The convenience of a propane grill is fantastic at the end of a workday when you're craving a juicy pork chop, swordfish steak or char-broiled portobello. Grilling purists, however, say the flavor of food cooked on a propane grill just isn’t as savory as fare fired up over wood or charcoal. Just because your grill happens to employ propane doesn’t mean, however, that you can’t experience the tasty essence of classic grilling.
Adding wood to a propane grill seems overkill until you consider the flavor enhancement. Unlike a fire pit, where you simply light the wood ablaze, there’s need for additional preparation when using wood in a propane unit. Placing wood directly on the lava rocks creates ash that can clog the gas burner, so you must create a “smoke bomb” -- something as fancy as a specially made container or a pouch of several layers of heavy-duty foil poked with holes. The wood chunks are placed in the bomb to keep oxygen out and the wood ash in -- rather than at the bottom of your propane grill. The slow burn means smoke, which translates to flavor. Aged hard fruit and nut woods and citrus are favorites, as are specialty chunks that include whiskey-soaked keg wood. Pine wood with a lot of sap is not recommended, nor is treated wood or lumber scraps that contain chemicals.
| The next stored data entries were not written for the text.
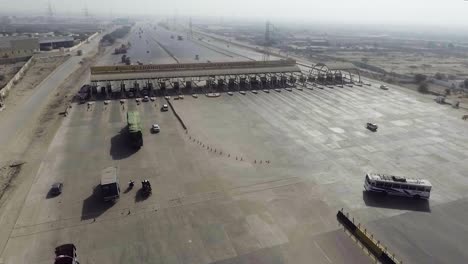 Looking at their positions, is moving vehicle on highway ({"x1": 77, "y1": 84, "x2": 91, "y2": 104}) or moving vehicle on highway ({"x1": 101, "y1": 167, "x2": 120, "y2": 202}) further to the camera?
moving vehicle on highway ({"x1": 77, "y1": 84, "x2": 91, "y2": 104})

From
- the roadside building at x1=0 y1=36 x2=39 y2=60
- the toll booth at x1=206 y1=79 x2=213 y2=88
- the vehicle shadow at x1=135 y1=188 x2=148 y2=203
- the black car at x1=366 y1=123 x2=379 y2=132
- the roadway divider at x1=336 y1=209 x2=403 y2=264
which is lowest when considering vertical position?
the roadway divider at x1=336 y1=209 x2=403 y2=264

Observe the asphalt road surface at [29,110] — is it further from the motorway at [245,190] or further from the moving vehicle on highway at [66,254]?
the moving vehicle on highway at [66,254]

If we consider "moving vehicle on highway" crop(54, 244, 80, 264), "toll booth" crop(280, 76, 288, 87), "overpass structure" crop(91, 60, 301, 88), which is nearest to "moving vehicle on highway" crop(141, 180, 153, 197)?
"moving vehicle on highway" crop(54, 244, 80, 264)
Like wood, charcoal leaves behind ash after burned, which clogs the gas outlets on your propane grill. Also, a full bed of glowing charcoal gets much hotter than propane or natural gas, which could damage the body of your grill. Placing just one or two briquettes in a heavy aluminum pie or loaf pan and placing it on top of the lava rocks gives you that charcoal flavor without the mess or danger of clogged outlets.
Tea and Other Flavorings
Placed in a smoke bomb pouch, tea adds a distinctive, Asian-influence flavor to grilled foods. In a smoke bomb pouch, rice, which smolders slowly, releases a nutty flavor; the zest -- the outside part of the peel -- on citrus fruit sweetens your grilled foods; sugar, which smokes as it burns, leaves behind a baked-goods or marshmallow essence; and fresh herbs, with their earthy undertones, will spice up your flavors during grilling.